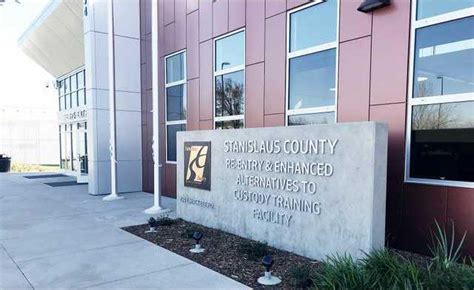 Stanislaus Administrative Sheriff's Department Jeff Dirkse, Sheriff-Coroner 250 E Hackett Road Modesto CAN 95358 Phone: 209-525-7117 Fax: 209-525-7111 . Sheriff's Detention Center 200 E Hackett Road Modesto CANVAS 95358 Phone: 209-525-5630 Fax: 209-567-4444. Accessibility. Looking Webmail. Reports Website Issues Here. 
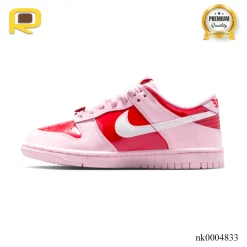 Alternative view of Dunk Low Valentine's Day (2026) Shoes Sneakers - nk0004833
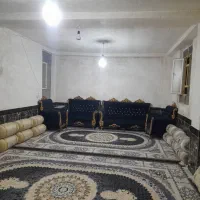 آپارتمان ۱۰۰متری طبقه ۳ پذیرایش ۲فرش ونصفی میخوره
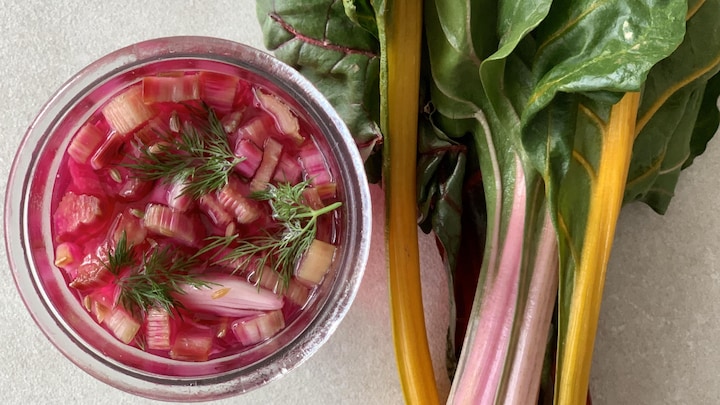 Un ingrédient, 3 recettes : la bette à carde | OHdio | Radio-Canada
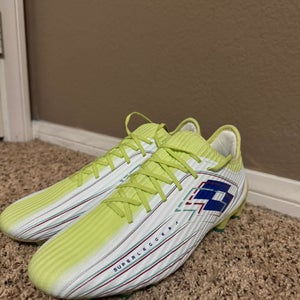 White Used Size: M 9.5 (W 10.5) Lotto Cleats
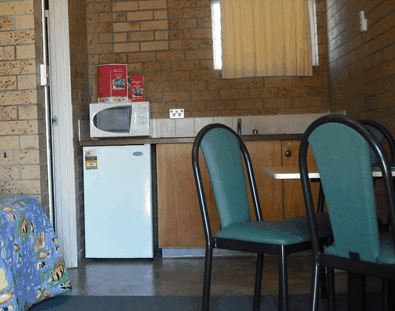 Dragon & Phoenix Motel - Accommodation Resorts 4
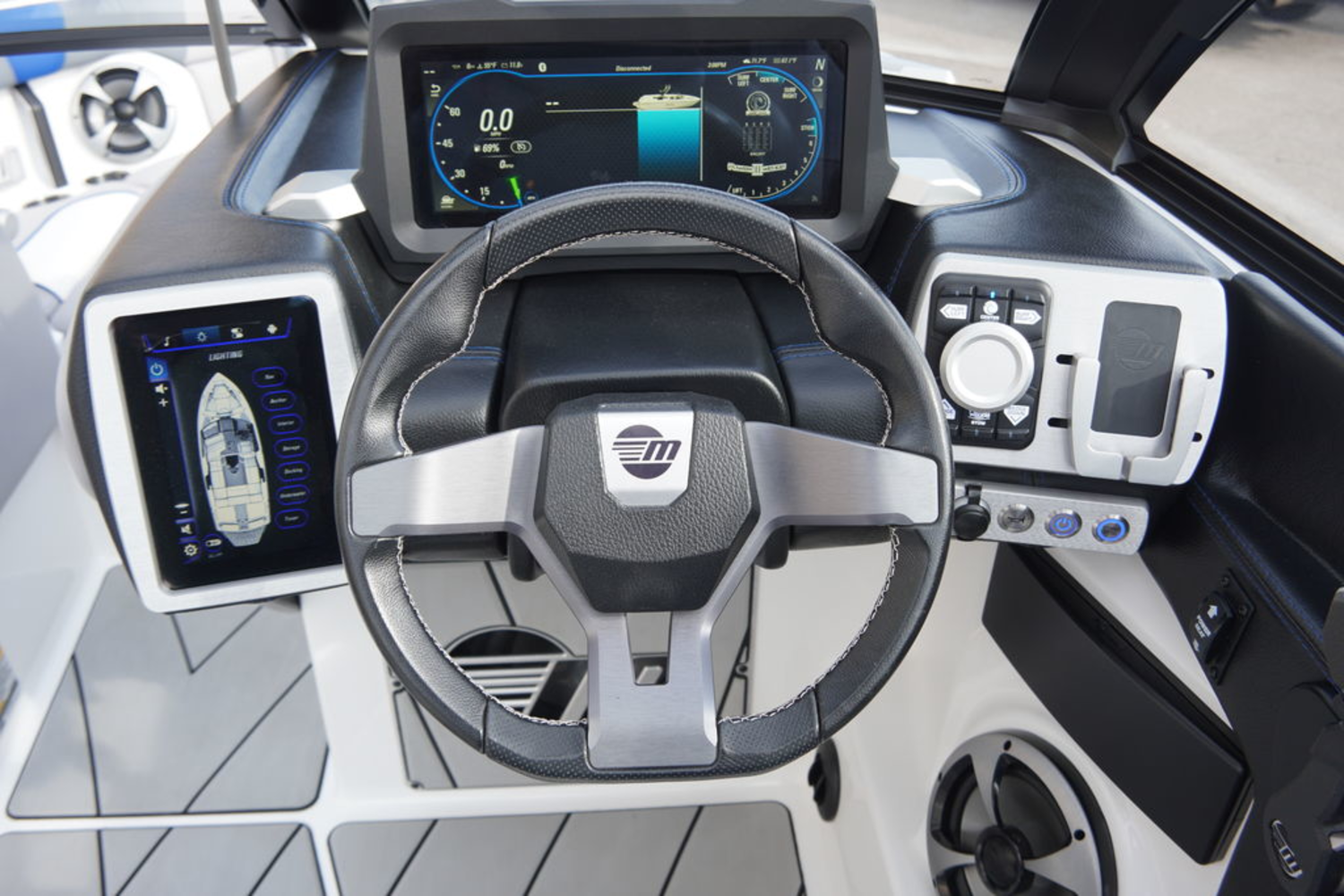 2021 Malibu Boats 23 LSV
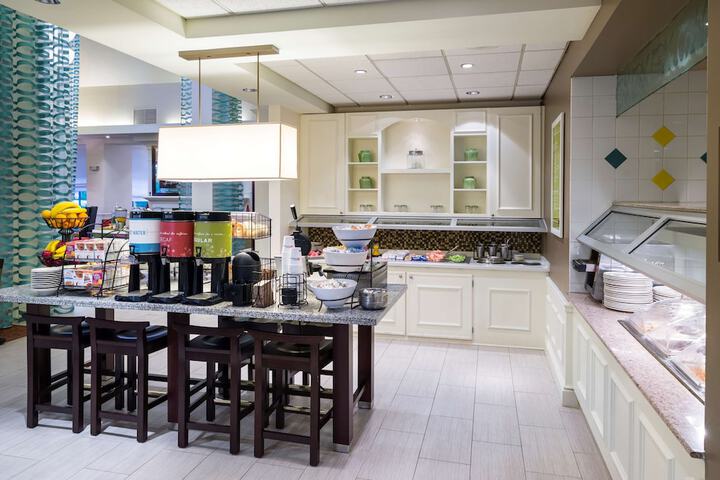 Hilton Garden Inn Edison / Raritan Center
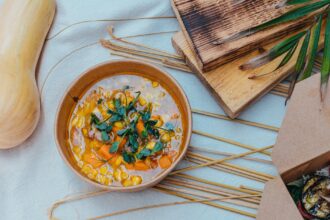 découvrez notre délicieuse recette de soupe réconfortante, parfaite pour réchauffer vos journées. avec des ingrédients frais et savoureux, cette soupe combine les saveurs traditionnelles et un soupçon d'originalité pour faire de chaque cuillerée un moment de plaisir. idéale pour toute la famille, elle saura apaiser vos envies de chaleur et de confort.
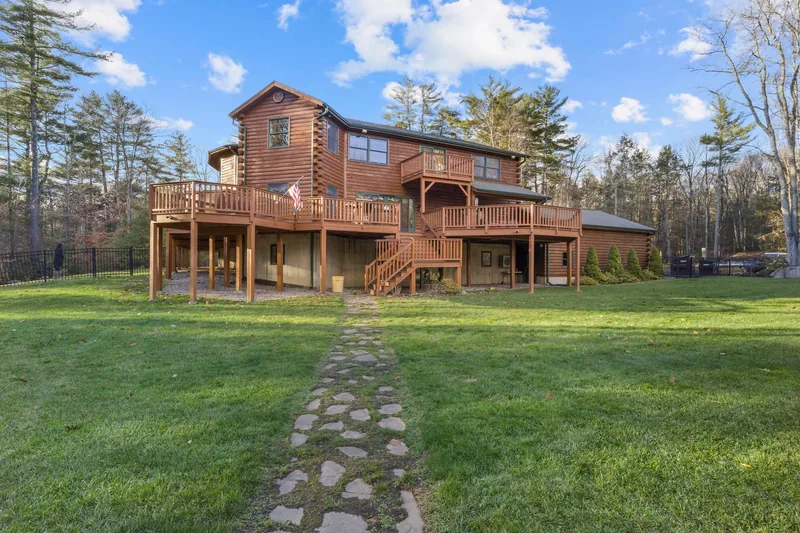 Event space at Forest Estate with Pool & Hot Tub on 62 Private Acres – Connecticut Wedding Retreat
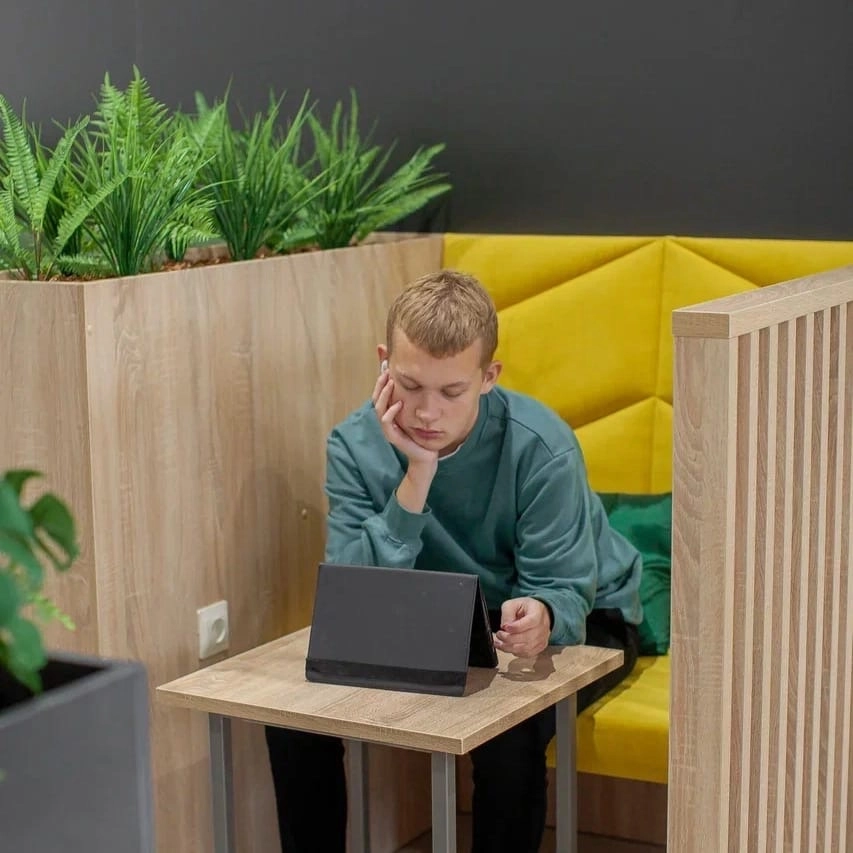 Коворкинг Work Time в Краснодаре: Коворкинг, Рабочее место, Пространство для работы, Переговорная комната, Зона кофе-брейка, Фриланс, Оргтехника, Бесплатный интернет,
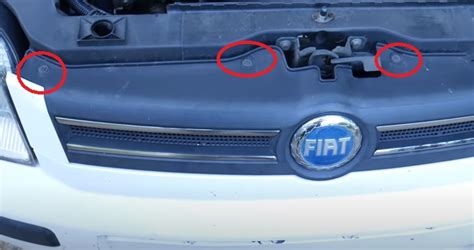 Posizioni delle viti per lo smontaggio del paraurti anteriore Opel Corsa D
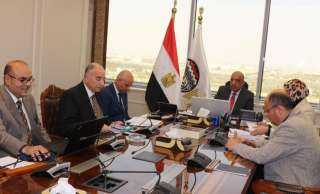 وزير قطاع الأعمال العام يستعرض...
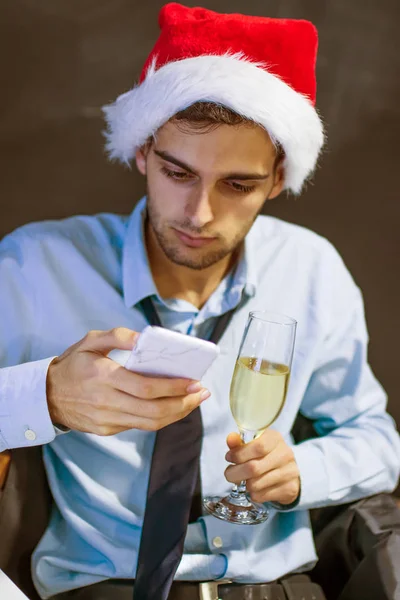 Empresário Com Telefone Celular Escritório Natal — Fotografia de Stock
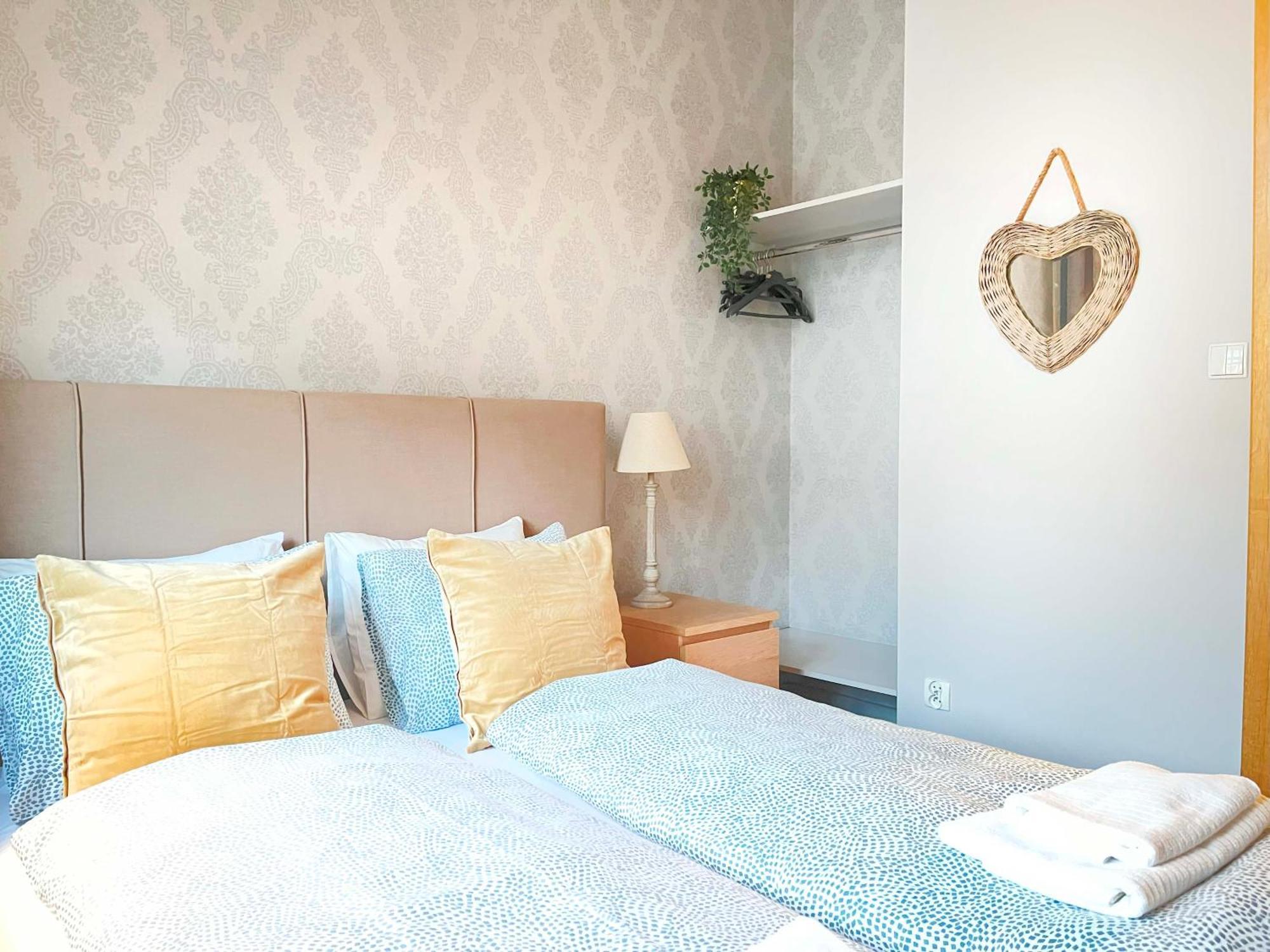 Apartment Welcoming With Bedrooms And Air Conditioning, Center *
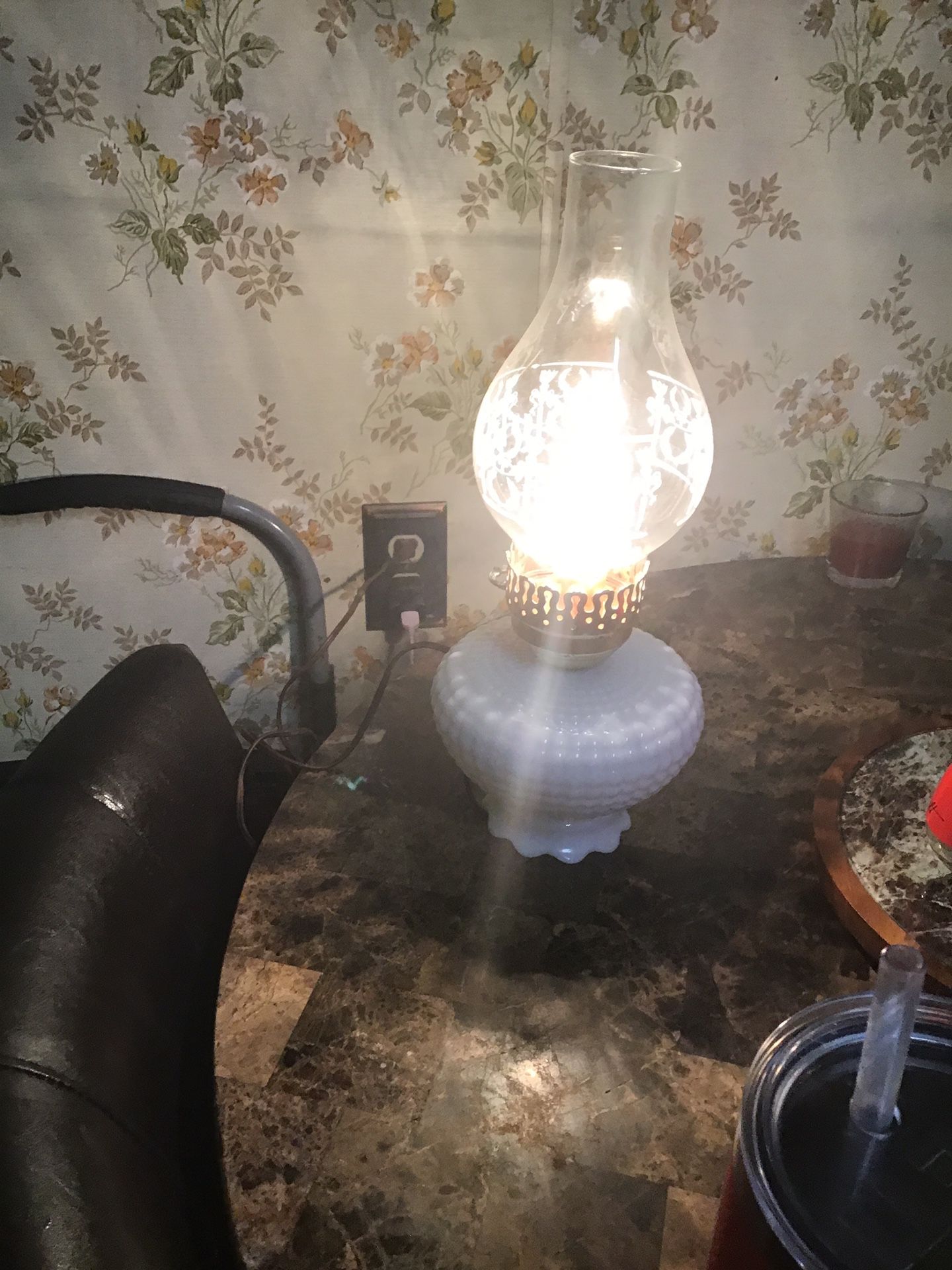 Vintage Electric Lamp In Good Condition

What needs to be done:
Every line from the one holding "2021 Malibu Boats 23 LSV" through the last line of the entries above, and nothing else, is to be restated word for word. Pictures stay out.

Answer:
 2021 Malibu Boats 23 LSV
 Hilton Garden Inn Edison / Raritan Center
 découvrez notre délicieuse recette de soupe réconfortante, parfaite pour réchauffer vos journées. avec des ingrédients frais et savoureux, cette soupe combine les saveurs traditionnelles et un soupçon d'originalité pour faire de chaque cuillerée un moment de plaisir. idéale pour toute la famille, elle saura apaiser vos envies de chaleur et de confort.
 Event space at Forest Estate with Pool & Hot Tub on 62 Private Acres – Connecticut Wedding Retreat
 Коворкинг Work Time в Краснодаре: Коворкинг, Рабочее место, Пространство для работы, Переговорная комната, Зона кофе-брейка, Фриланс, Оргтехника, Бесплатный интернет,
 Posizioni delle viti per lo smontaggio del paraurti anteriore Opel Corsa D
 وزير قطاع الأعمال العام يستعرض...
 Empresário Com Telefone Celular Escritório Natal — Fotografia de Stock
 Apartment Welcoming With Bedrooms And Air Conditioning, Center *
 Vintage Electric Lamp In Good Condition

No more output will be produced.